Block Attachments in Postfix

One of our clients requested that we block specific email attachments that come in - their large network was starting to suffer under the storm of non-work emails flying around the office - funny video clips, songs, etc, etc. Not only that, several gullible people had infected their PCs with viruses and malware because they ran dodgy .exe files that managed to bypass the anti-virus filters.

Luckily, blocking specific mail attachments in Postfix is pretty straightforward and only takes a minute or two to set up.

What You’ll Need

1. Postifx

Step 1

First, we’ll need to activate the header checker in postfix. Make sure the mime_header_checks option is uncommented in main.cf and looks like this:

mime_header_checks = regexp:/etc/postfix/maps/mime_header_checks

Naturally, /etc/postfix/maps/mime_header_checks is the location of file that contains the info on the blocked attachments.

Step 2

Edit/create /etc/postfix/maps/mime_header_checks, then add in the following content:

/^\s*Content­(Disposition|Type).*name\s*=\s*"?(.+\.(mov|mpg|mpeg|avi|wmv))"?\s*$/
REJECT Files attached to emails that contain or end in "$3" are prohibited on this server as they may contain viruses.

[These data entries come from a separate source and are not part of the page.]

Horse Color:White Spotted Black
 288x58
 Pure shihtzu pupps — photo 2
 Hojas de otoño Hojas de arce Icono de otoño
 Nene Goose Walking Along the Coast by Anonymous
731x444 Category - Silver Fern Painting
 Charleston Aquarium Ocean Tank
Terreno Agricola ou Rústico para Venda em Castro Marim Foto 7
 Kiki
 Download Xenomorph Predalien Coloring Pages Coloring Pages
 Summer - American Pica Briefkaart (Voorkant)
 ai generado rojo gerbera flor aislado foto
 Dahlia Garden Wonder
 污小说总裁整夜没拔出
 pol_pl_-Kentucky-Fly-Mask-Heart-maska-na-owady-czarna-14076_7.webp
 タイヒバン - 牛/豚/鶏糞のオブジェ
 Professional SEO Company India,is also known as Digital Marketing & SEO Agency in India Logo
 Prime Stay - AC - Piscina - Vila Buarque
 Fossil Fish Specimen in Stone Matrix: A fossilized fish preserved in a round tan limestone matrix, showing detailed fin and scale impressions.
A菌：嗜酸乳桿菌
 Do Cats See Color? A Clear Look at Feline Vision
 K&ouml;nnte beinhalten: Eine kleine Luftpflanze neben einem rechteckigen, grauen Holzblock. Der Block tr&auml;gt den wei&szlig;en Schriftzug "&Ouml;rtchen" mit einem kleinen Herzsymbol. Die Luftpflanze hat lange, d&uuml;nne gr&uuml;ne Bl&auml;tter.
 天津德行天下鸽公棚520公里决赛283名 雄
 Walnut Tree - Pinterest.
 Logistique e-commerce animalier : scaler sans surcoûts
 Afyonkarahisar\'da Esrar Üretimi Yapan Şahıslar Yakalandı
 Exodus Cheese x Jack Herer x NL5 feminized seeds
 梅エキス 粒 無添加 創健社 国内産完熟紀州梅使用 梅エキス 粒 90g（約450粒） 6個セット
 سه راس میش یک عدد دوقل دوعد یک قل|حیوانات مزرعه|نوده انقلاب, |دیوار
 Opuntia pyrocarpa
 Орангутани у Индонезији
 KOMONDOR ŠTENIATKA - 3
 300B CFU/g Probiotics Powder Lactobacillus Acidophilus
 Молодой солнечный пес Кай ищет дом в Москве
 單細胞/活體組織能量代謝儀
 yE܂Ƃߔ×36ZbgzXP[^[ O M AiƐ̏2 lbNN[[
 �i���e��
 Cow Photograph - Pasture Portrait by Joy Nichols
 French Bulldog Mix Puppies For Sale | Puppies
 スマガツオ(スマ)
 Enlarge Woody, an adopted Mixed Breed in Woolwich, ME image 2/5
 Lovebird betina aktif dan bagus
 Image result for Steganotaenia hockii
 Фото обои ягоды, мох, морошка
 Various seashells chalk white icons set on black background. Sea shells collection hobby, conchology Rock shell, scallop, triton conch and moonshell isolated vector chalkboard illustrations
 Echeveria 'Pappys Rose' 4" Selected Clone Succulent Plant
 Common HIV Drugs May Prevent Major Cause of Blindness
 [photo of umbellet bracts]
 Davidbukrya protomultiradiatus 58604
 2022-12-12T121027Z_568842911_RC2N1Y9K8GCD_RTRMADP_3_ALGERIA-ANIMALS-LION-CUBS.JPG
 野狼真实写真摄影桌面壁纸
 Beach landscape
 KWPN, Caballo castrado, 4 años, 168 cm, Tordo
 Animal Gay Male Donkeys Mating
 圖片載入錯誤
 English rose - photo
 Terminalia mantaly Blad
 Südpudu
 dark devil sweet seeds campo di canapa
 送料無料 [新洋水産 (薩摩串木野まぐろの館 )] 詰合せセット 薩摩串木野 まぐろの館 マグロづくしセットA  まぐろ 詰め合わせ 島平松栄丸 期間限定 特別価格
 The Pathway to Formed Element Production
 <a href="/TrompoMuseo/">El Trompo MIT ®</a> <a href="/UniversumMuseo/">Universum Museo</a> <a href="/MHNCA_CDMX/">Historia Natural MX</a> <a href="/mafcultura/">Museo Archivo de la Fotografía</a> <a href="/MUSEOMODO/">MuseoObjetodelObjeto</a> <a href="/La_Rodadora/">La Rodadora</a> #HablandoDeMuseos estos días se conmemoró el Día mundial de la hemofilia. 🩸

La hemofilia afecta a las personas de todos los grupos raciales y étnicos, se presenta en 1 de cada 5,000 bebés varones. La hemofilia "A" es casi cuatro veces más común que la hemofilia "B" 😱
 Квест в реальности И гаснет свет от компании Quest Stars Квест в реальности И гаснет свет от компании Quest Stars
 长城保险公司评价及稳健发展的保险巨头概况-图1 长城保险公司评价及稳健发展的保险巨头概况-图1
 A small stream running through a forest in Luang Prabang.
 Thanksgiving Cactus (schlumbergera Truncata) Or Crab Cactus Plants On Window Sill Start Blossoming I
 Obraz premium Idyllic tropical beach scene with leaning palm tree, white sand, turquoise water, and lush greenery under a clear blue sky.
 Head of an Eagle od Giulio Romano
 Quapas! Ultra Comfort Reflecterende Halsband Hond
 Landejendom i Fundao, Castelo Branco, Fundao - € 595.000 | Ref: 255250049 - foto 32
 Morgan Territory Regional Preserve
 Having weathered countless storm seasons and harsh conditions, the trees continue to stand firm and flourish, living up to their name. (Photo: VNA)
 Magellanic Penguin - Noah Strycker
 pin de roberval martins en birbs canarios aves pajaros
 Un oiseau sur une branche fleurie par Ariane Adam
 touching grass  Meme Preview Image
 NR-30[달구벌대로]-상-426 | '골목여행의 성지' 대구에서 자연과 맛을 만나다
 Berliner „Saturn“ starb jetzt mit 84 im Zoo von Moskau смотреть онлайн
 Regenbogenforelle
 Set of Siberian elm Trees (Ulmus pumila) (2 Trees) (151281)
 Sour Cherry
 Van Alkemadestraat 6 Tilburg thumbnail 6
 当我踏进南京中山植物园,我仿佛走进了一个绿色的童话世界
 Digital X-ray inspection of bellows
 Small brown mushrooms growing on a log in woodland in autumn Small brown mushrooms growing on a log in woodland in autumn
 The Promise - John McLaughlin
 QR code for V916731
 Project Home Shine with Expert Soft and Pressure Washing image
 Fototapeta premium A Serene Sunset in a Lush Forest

The file named "$2" was rejected

Naturally, the file types to be blocked go in the brackets containing ‘mov|mpg…’, and each one is seperated by a pipe. Also, Wordpress seems to sometimes make that first line appear as two - the part that begins and ends with ‘/’ must be on one line.

Restart Postfix, or get it to reload the configuration files, and there you have it! Whenever a forbidden file attachment is detected (based on the MIME type), it is removed and the message is added to the email information the recipient of this.